#666
Interviewer: Mrs. Bernice Bowden
Person interviewed: Neely Gray
818 E. Fifteenth, Pine Bluff, Arkansas
Age: 87
“I was born in Virginia. Dr. Jenkins bought my mother from a man named Norman. Brought us here on the boat. I know I was walkin’ and talkin’. I don’t remember about the trip, but I remember they said they had to keep me out from fallin’ in the river. I was too playified to remember anything about it.
“Durin’ the War I was a girl six or seven years old. Big enough to nuss my mother’s next chile, and she was walkin’ and talkin’ ’fore surrender.

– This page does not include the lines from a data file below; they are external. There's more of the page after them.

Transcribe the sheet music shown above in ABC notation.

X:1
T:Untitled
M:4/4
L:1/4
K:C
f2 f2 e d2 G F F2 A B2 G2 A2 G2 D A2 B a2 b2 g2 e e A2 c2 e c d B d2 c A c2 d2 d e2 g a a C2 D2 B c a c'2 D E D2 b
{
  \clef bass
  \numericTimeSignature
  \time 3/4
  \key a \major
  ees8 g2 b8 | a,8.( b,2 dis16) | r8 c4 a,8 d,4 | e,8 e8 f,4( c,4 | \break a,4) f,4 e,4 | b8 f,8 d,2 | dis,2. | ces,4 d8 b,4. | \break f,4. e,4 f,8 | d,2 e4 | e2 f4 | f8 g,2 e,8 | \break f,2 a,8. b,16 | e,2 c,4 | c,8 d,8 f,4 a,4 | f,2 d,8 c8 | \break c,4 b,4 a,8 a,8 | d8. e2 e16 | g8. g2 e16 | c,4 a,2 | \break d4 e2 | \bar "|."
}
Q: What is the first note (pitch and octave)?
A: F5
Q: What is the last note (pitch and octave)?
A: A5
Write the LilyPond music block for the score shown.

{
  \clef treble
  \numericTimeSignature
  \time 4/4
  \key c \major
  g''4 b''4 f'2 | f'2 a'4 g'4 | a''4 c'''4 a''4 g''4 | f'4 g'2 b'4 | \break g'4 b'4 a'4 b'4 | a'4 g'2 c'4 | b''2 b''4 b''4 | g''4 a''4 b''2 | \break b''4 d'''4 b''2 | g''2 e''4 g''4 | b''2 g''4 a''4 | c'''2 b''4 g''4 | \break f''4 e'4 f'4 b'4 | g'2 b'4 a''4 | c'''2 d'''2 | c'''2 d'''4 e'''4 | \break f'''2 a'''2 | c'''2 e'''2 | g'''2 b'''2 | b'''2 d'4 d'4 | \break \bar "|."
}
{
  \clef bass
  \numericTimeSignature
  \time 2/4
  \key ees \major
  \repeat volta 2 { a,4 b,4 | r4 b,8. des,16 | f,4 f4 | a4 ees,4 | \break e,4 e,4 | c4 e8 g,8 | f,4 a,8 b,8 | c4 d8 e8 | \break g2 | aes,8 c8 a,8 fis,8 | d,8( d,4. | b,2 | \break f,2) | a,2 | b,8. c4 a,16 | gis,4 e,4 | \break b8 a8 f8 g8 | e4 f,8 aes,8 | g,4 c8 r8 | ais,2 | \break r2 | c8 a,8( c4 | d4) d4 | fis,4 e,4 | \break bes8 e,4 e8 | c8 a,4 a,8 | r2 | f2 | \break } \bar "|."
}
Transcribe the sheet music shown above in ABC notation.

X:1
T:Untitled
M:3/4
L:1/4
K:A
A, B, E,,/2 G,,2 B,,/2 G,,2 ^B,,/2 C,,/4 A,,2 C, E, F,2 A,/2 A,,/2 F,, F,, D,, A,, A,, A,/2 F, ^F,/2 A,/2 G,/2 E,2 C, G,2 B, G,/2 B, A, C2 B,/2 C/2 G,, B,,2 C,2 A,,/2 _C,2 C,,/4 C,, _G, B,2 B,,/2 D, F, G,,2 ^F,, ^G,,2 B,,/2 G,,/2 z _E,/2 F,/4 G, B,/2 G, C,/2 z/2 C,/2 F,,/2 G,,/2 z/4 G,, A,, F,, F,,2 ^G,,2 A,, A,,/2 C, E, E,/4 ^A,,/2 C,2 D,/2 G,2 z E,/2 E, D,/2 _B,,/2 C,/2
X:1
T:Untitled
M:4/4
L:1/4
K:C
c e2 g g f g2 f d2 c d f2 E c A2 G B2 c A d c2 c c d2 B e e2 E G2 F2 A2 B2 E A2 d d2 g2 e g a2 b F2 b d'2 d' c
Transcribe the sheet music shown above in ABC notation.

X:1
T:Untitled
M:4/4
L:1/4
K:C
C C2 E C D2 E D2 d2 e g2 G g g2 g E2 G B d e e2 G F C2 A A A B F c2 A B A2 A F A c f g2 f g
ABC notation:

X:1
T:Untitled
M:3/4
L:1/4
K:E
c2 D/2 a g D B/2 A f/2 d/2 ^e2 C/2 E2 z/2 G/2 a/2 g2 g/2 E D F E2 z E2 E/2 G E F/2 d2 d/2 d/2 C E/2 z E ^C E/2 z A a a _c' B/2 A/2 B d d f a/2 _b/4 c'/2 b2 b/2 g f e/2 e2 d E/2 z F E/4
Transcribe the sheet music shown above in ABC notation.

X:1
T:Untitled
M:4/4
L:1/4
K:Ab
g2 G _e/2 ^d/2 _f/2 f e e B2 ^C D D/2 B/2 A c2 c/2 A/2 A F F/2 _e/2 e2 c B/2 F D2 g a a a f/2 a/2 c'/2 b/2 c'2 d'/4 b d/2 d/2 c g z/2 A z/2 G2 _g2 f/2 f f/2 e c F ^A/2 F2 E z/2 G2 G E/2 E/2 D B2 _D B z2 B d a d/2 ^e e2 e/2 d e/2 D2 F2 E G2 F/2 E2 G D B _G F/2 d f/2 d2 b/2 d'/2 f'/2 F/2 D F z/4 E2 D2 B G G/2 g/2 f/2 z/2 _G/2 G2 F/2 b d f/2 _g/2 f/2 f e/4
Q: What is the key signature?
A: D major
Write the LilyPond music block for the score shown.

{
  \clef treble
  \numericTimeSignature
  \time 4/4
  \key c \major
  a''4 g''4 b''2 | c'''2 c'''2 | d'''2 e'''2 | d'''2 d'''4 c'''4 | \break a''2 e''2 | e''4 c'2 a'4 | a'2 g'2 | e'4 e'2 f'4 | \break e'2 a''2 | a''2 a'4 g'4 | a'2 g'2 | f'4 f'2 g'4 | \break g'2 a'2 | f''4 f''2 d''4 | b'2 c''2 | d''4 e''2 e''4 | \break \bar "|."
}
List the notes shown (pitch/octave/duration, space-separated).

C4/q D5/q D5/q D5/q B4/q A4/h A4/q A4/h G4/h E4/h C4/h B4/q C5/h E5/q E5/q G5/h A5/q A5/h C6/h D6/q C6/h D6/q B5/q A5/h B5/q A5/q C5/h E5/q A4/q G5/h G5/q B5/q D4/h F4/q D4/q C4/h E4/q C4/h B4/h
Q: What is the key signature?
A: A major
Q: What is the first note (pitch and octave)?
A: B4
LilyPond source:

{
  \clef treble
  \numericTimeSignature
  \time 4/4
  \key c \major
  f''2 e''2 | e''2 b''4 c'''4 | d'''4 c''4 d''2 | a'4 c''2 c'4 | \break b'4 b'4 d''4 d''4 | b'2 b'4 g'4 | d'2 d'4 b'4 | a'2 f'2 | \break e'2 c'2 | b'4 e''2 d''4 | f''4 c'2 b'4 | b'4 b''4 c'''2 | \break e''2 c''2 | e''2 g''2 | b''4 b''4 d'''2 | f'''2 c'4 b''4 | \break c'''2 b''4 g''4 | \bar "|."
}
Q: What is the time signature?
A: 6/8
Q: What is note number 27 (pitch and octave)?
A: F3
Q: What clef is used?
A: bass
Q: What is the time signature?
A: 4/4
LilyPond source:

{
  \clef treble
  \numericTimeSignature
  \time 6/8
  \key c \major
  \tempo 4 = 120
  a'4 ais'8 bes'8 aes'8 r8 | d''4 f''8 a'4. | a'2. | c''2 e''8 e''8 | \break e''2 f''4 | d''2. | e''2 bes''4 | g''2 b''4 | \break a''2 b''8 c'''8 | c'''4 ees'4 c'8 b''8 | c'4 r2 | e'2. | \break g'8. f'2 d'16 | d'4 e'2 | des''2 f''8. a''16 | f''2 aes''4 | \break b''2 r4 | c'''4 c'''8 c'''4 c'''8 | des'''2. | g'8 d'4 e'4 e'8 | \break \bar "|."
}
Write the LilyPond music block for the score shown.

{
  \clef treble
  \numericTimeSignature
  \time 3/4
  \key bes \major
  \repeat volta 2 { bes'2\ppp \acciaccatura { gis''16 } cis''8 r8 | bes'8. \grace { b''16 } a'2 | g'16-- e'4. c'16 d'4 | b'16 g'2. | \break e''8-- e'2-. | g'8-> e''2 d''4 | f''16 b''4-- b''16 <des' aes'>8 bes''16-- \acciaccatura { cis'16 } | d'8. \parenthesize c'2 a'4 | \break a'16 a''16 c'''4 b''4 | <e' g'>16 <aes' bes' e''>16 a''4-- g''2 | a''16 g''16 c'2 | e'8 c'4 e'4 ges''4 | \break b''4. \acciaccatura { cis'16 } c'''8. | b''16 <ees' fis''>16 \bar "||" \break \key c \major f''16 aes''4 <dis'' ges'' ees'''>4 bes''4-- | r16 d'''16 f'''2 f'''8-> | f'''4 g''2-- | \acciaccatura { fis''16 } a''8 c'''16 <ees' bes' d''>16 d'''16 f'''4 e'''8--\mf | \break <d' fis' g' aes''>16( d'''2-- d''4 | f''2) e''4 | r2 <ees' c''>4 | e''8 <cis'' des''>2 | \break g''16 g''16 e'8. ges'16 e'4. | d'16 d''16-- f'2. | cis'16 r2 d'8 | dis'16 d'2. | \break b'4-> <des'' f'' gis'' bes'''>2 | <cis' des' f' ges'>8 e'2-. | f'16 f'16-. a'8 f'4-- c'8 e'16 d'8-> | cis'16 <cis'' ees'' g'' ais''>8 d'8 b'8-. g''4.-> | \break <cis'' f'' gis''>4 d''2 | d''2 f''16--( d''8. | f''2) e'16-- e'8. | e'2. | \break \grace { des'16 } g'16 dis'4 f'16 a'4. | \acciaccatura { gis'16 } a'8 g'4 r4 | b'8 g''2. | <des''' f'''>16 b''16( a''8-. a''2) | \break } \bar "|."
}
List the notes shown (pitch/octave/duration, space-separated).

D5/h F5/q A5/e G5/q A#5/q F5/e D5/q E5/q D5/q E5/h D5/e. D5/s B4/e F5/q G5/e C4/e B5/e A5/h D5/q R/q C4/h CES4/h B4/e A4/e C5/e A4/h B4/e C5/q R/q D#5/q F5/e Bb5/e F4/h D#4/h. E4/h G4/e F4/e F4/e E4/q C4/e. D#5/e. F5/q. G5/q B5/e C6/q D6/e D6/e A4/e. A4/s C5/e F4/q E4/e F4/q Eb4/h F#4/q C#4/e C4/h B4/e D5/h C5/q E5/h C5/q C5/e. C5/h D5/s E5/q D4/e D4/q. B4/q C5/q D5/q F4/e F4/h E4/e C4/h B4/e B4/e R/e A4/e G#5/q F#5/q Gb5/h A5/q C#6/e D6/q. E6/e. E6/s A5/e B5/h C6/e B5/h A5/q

“My mother was pushin’ a hundred when she died. I was her oldest chile. Sold with her.
“Dr. Jenkins had three women and all of ’em had girls. Raised up in the house. Dr. Jenkins said, ‘Doggone it, I want my darkies right back of my chair.’ He never did ’buse his colored folks. He was a ’cepted (exceptional) man—so different. I never saw the inside of the quarters.
“Dr. Jenkins’ house wasn’t far from the river. You could hear the boats goin’ up and down all night.
“I was scared of the Yankees ’cause they always p’inted a gun at me to see me run. They’d come in the yard and take anything they wanted, too.
“After surrender mama went and cooked for a man named Hardin.